* _GIVEN RECORDS_
---+---
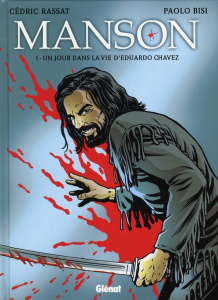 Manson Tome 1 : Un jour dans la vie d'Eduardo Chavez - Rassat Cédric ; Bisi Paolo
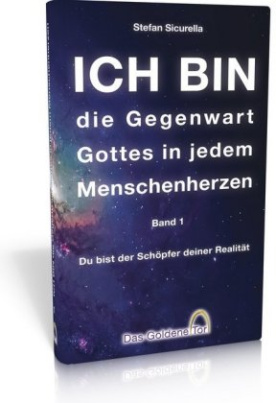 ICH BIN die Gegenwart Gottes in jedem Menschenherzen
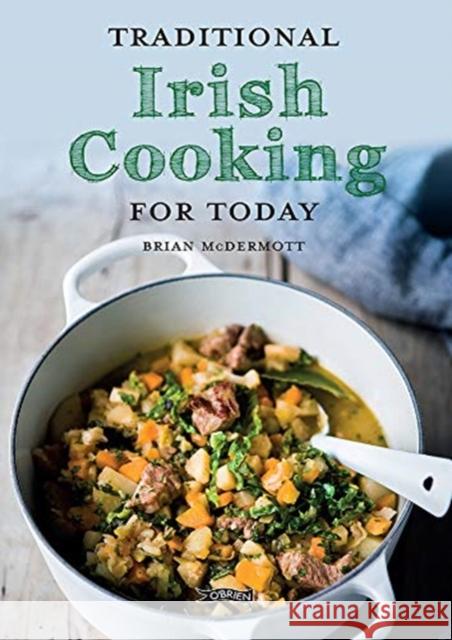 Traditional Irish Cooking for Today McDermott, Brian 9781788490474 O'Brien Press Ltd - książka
---+---
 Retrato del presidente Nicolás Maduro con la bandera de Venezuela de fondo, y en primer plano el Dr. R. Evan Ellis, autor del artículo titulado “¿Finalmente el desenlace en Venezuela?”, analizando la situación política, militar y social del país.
---+---
* _WHAT TO DO_
Please transcribe exactly the part of the records that opens with the line containing "Manson Tome 1" and closes with the line containing "Traditional Irish Cooking", both ends included, and leave out the pictures.

* _RESULT BELOW_
 Manson Tome 1 : Un jour dans la vie d'Eduardo Chavez - Rassat Cédric ; Bisi Paolo
 ICH BIN die Gegenwart Gottes in jedem Menschenherzen
 Traditional Irish Cooking for Today McDermott, Brian 9781788490474 O'Brien Press Ltd - książka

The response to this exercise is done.